(Stored items)

* * *

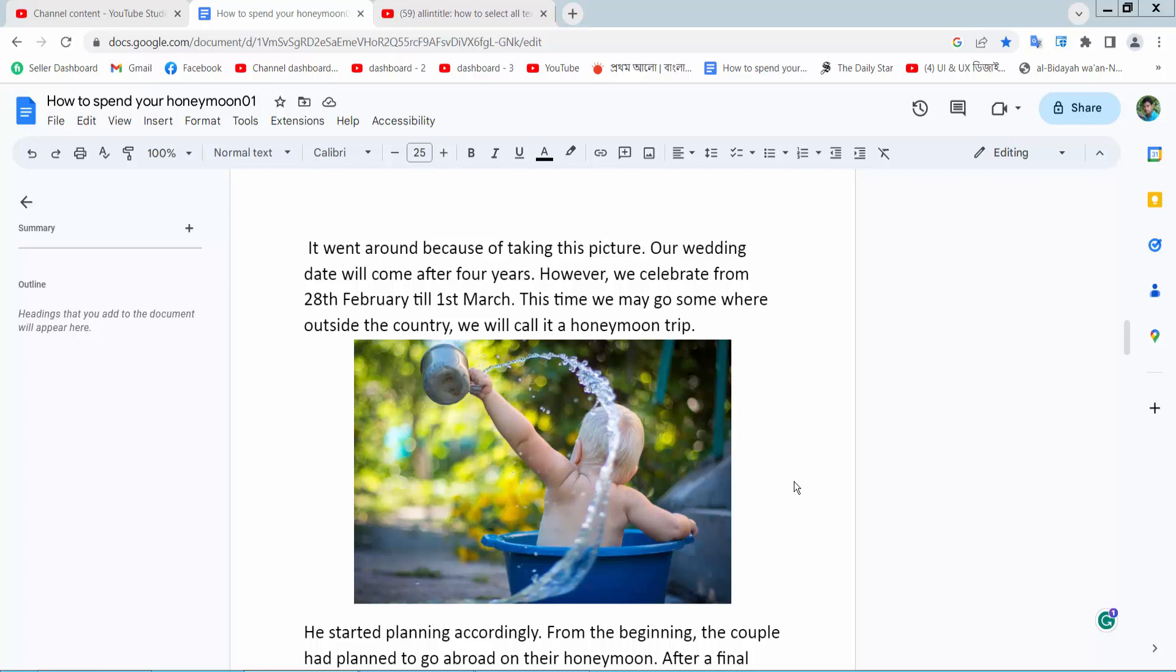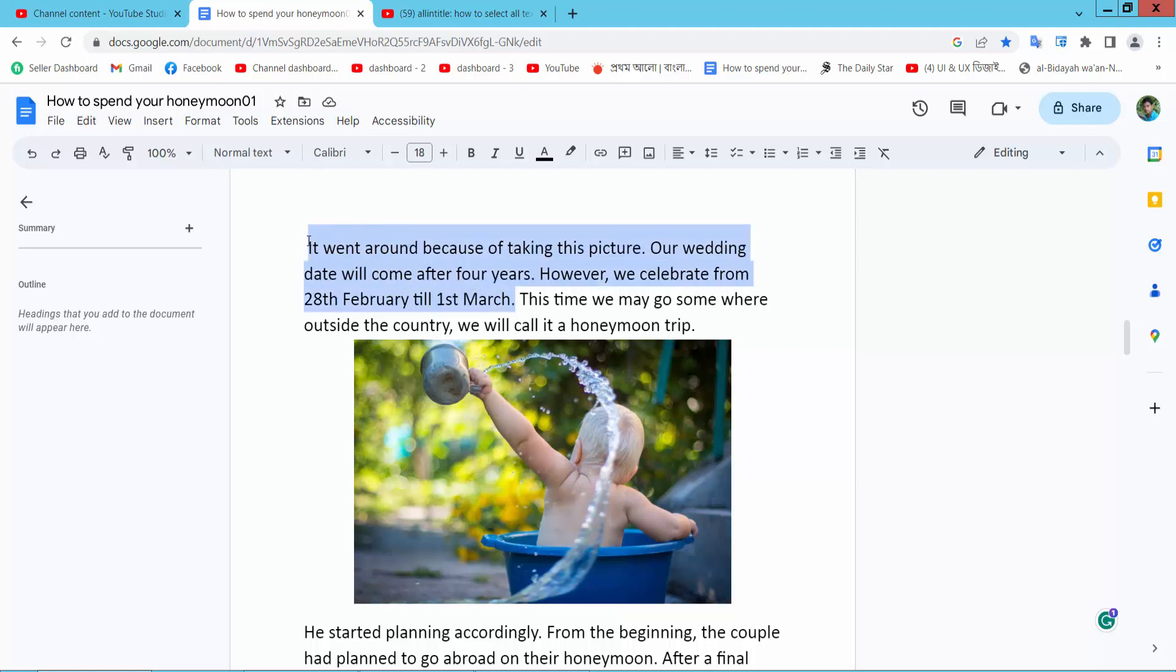Hello everyone, today I will show you how to change text font color in Google Docs. Open your Docs file and simply select your text you want to change font color.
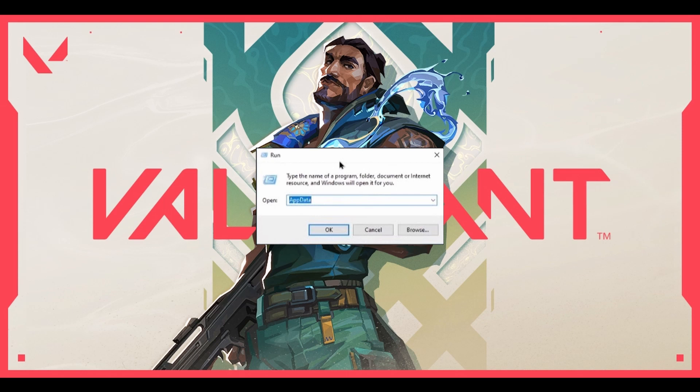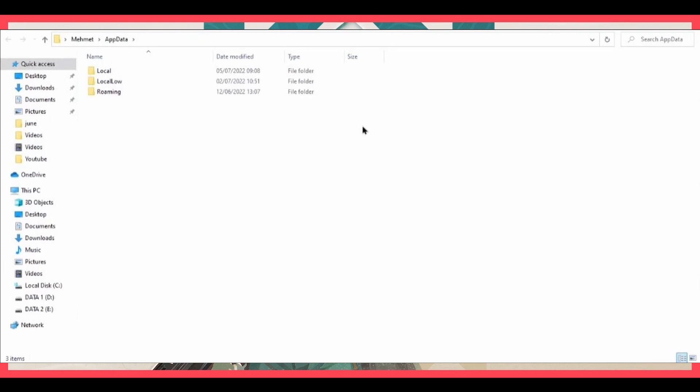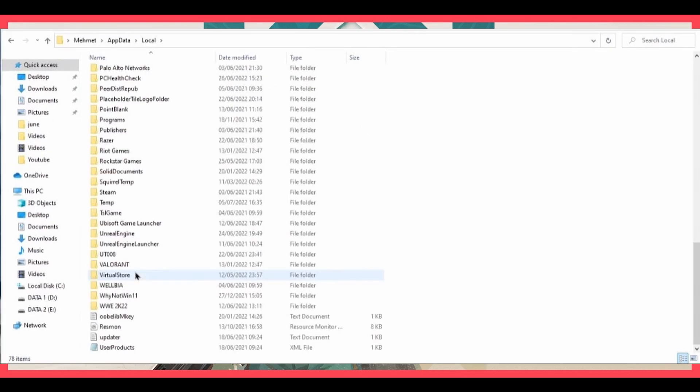In that little screen, you need to search exactly for AppData. After that, you'll see that folder. In that folder, just click Local — the first one — and after that you need to find the Valorant folder. Once you find it, just double-click it.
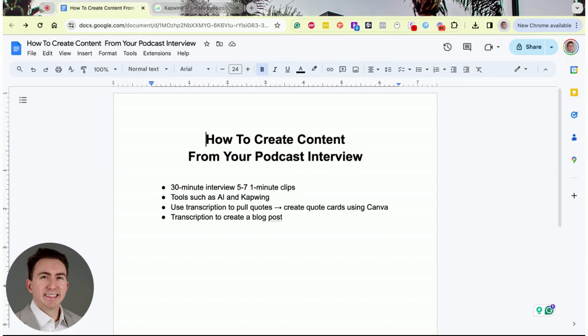Just a quick recap: you can create a multitude of content from your podcast interviews to put out on social media across all the different platforms. I recommend using CapWing, using transcriptions to pull quotes and create quote cards using Canva, and transcribing the entire interview into a blog post. I hope this was super helpful for you on how you can create content from your podcast interview.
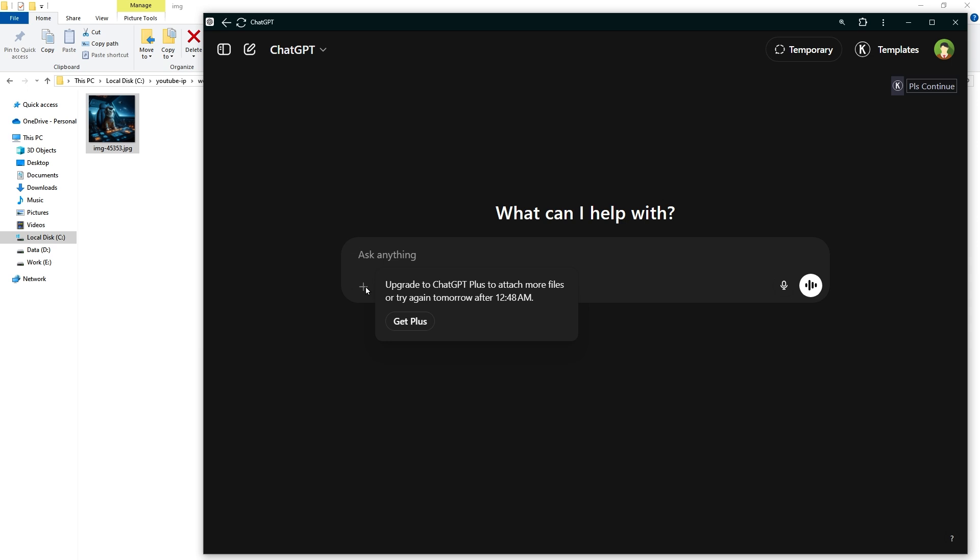There can be more issues. For example, here I am unable to upload a file to ChatGPT. It's because I am using the free version of ChatGPT and I have used today's free limit.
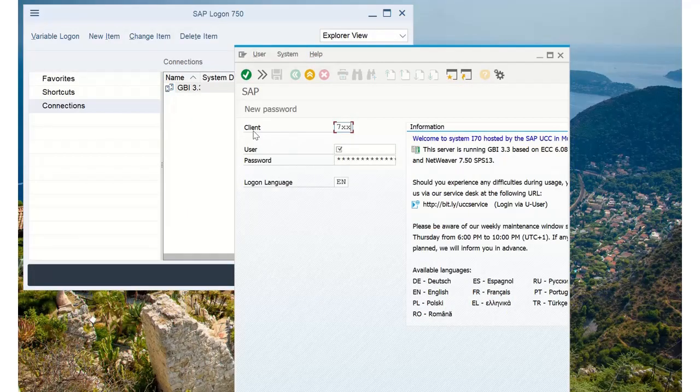When you want to access SAP GUI, you should login with your master user and your password.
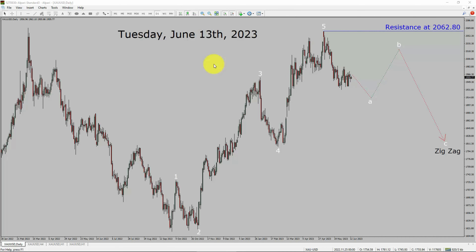Today is Tuesday, June 13, 2023. I am going to analyze spot gold vs US dollar pair. Let us start the top to bottom Elliott Wave Analysis.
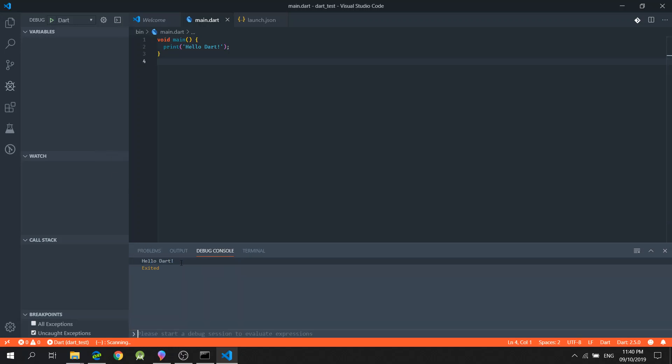And I think it's working. Hello, Dart is shown in the debug console. And that's it.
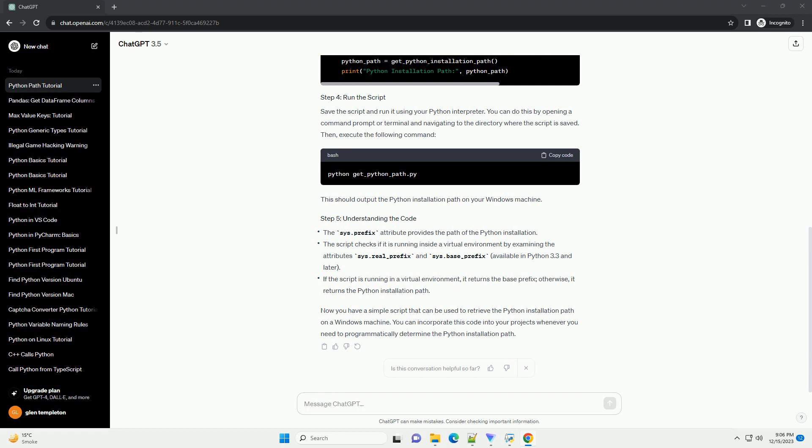Now you have a simple script that can be used to retrieve the Python installation path on a Windows machine. You can incorporate this code into your projects whenever you need to programmatically determine the Python installation path.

* * *

**WHAT IS EXPECTED:**
Every line above from the one with "When you want" down to the one with "And I think" must be written out exactly, and no picture may appear.

**TASK RESPONSE:**
When you want to access SAP GUI, you should login with your master user and your password.
Today is Tuesday, June 13, 2023. I am going to analyze spot gold vs US dollar pair. Let us start the top to bottom Elliott Wave Analysis.
And I think it's working. Hello, Dart is shown in the debug console. And that's it.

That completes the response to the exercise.